The span of the film from Father Jud's refusal to be co-opted into a murder mystery narrative to the eventual whodunnit reveal is a somewhat confused stretch of events that can be blocked out as such: things happen; details are withheld. If you are watching for a murder mystery evaluated purely on the quality of its mystery, the film probably won't do it for you; the temptation is to say that Wake Up Dead Man is a murder mystery that is not about the murder mystery, but that is grossly insufficient. The emotional pay-off of the film's ending is contingent on the audience and Blanc's shared desire for a big reveal. The set-up is there; the flock is gathered to listen. Blanc goes to speak—but in the end, refuses to name the murderer because, inspired by Father Jud and a trick of lighting, he, too, has had a Road to Damascus moment. He will show grace to his enemy.
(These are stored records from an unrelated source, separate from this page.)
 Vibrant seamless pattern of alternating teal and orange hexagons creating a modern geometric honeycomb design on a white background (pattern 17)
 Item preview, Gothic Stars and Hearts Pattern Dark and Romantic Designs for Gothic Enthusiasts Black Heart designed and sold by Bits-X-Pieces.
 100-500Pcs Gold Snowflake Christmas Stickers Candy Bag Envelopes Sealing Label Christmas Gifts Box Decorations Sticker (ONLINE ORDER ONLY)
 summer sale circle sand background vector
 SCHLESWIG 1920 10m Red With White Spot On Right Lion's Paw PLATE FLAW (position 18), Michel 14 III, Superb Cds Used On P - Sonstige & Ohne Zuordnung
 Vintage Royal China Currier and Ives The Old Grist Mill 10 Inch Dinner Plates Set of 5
Wake Up Dead Man doesn't tell you to feel stupid for wanting an answer. You get your answer. It only asks that you—and Blanc—sacrifice the great hero detective's triumph, just this once, and manage to find the emotional catharsis of a plot untangled on someone else's terms. Here is the purest pay-off for Johnson's insistence on having so much heart in his murder mystery series: Eventually, that heart will win out over even the genre's traditional demands. Blanc willingly accepts a public loss and steps aside so Father Jud can take someone's confession. There is no arrest or justice, only an outpouring of grace and dignity and forgiveness. You might actually believe in something.